Source data —
====
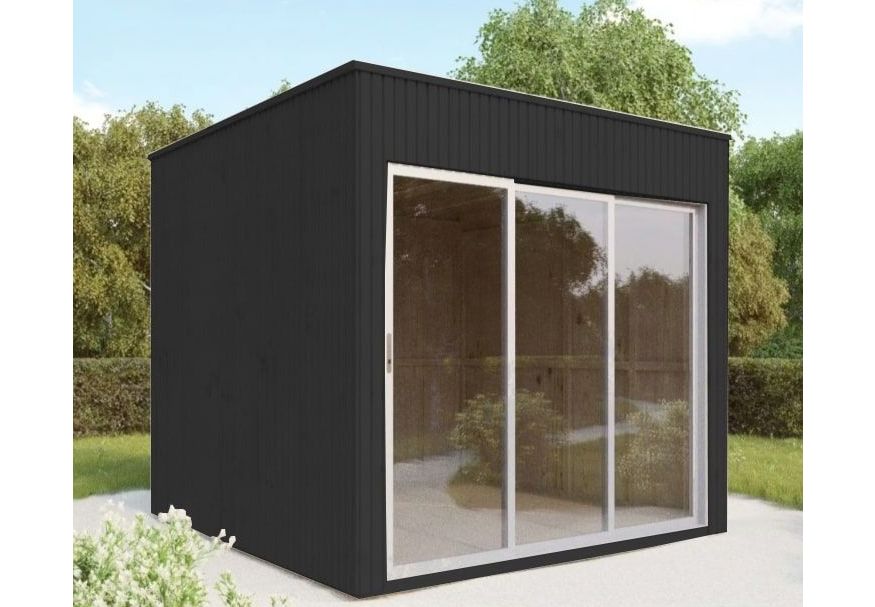 SmartShed Gartenhaus Cube Novia 2435 Foto von SmartShed Gartenhaus Cube Novia 2435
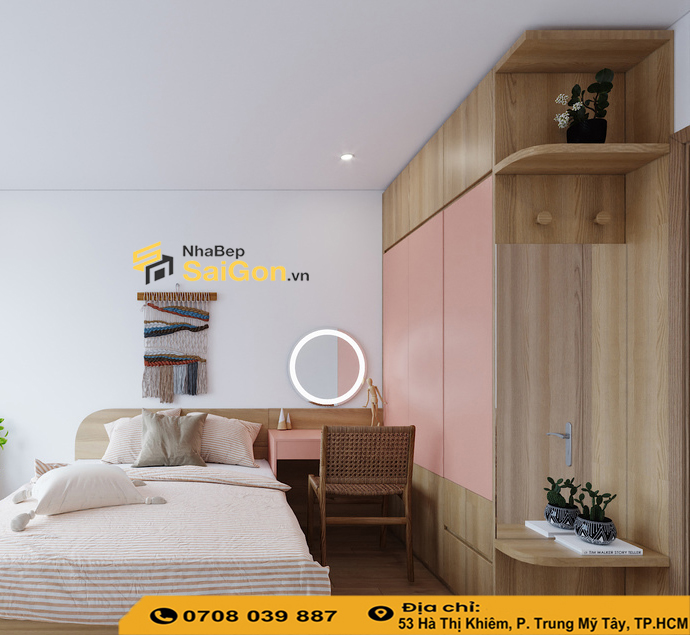 Mẫu Phòng Ngủ Phong Cách Minimalism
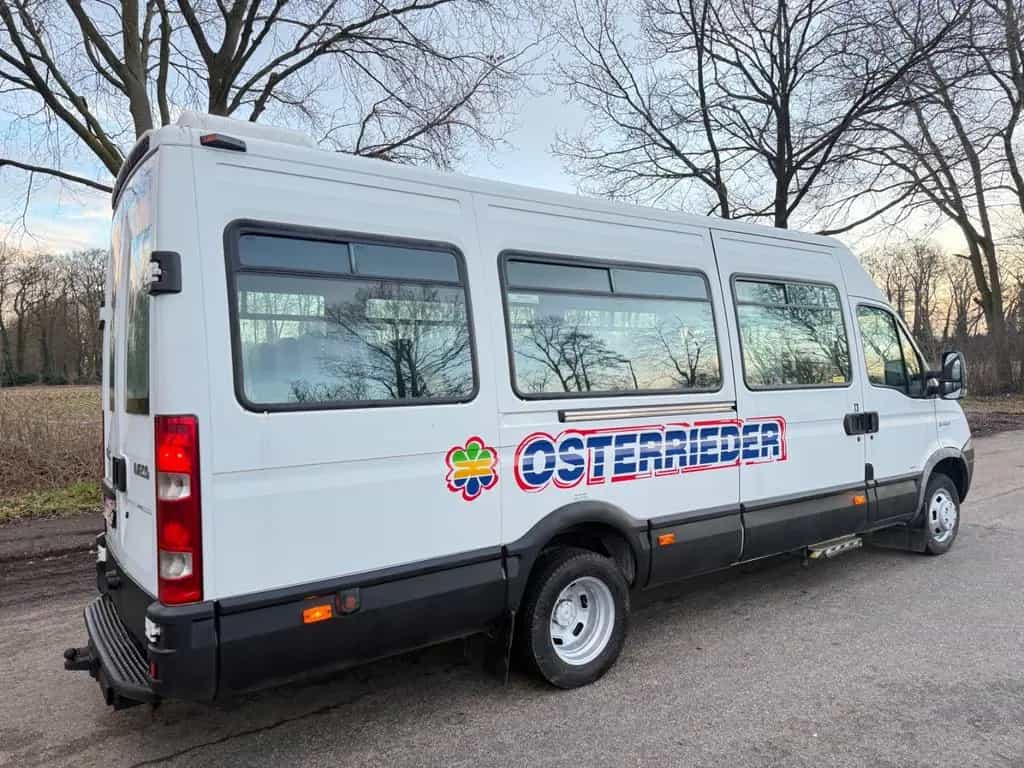 Iveco Other Daily 50C15 HPI*3.0*Reisebus*XXL*Guten-Zustand* 09/2008-photo-9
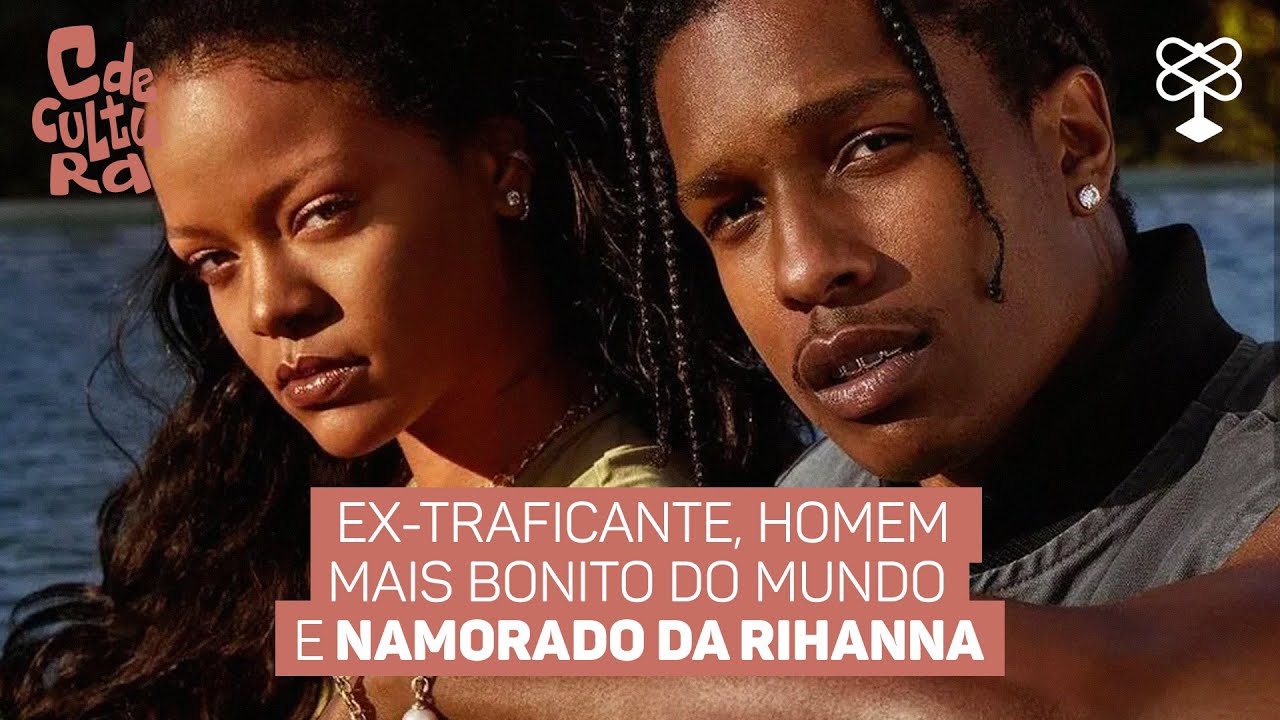 A$AP Rocky confirma namoro com Rihanna. Conheça a história dos músicos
====
Each line above is to be copied exactly, and the pictures are to be dropped.

 SmartShed Gartenhaus Cube Novia 2435 Foto von SmartShed Gartenhaus Cube Novia 2435
 Mẫu Phòng Ngủ Phong Cách Minimalism
 Iveco Other Daily 50C15 HPI*3.0*Reisebus*XXL*Guten-Zustand* 09/2008-photo-9
 A$AP Rocky confirma namoro com Rihanna. Conheça a história dos músicos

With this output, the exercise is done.